The Unfriended Series
Unfriended (February 5/16)
A surprisingly decent little horror film, Unfriended transpires entirely from the point of view of Blaire's (Shelley Hennig) laptop computer and follows the character as she and five Skyping friends slowly come to the realization that they're being haunted by a dead classmate. It's about as gimmicky a premise as one could envision and yet Unfriended, for the most part, comes off as a tight, fast-paced chiller, with filmmaker Levan Gabriadze effectively placing the movie's impressively well-developed characters into a scenario that grows more and more compelling as time progresses.
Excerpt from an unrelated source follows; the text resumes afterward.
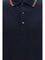 Gucci Cotton piqué jersey Polo Shirt - Urban Blue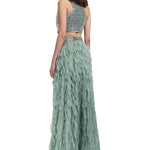 crystal-embellished-velvet-vest raisa_vanessa crystal-embellished-velvet-vest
It's clear, too, that the progressively engrossing atmosphere is heightened by the sporadic inclusion of creepy interludes, including a palpably tense segment in which a seemingly frozen screen turns out not to be quite so frozen after all. The computer-based POV does, however, ensure that Unfriended suffers from a handful of narrative lulls, with the less-than-consistent vibe compounded by relentlessly choppy Skype video that may be authentic but is also, from time to time, infuriating. The increasingly grim final stretch renders such deficiencies moot, however, and Unfriended ultimately is, silly final shot notwithstanding, one of the more impressive internet-based horror flicks to come around in some time.
Unfriended: Dark Web
A solid, thoroughly bleak sequel, Unfriended: Dark Web follows a group of friends as they assemble over Skype for a seemingly routine game night - with the evening taking a sinister turn after a mysterious, deadly hacker begins targeting the gang. First-time filmmaker Stephen Susco does a superb job of initially drawing the viewer into the sporadically engrossing proceedings, as Unfriended: Dark Web's first half is devoted to the affable exploits of the well-developed and increasingly sympathetic protagonists - with the movie benefiting substantially from the solid performances by, among others, Colin Woodell, Rebecca Rittenhouse, and Betty Gabriel. It's clear, too, that the picture's early success owes a lot to an undercurrent of promising (and palpable) malice, although it's just as apparent that once the picture's central conceit is revealed, Unfriended: Dark Web takes on a far more predictable (and almost conventional) feel that results in a palpable dissipation of tension (ie past a certain point, everything unfolds pretty much exactly as one might've anticipated). There's nevertheless little doubt that the film, which is ultimately more thriller than horror, manages to hold the viewer rapt right through to the expectedly grim finale, thus securing the movie's place as a seriously promising new franchise from the reliable folks at Blumhouse.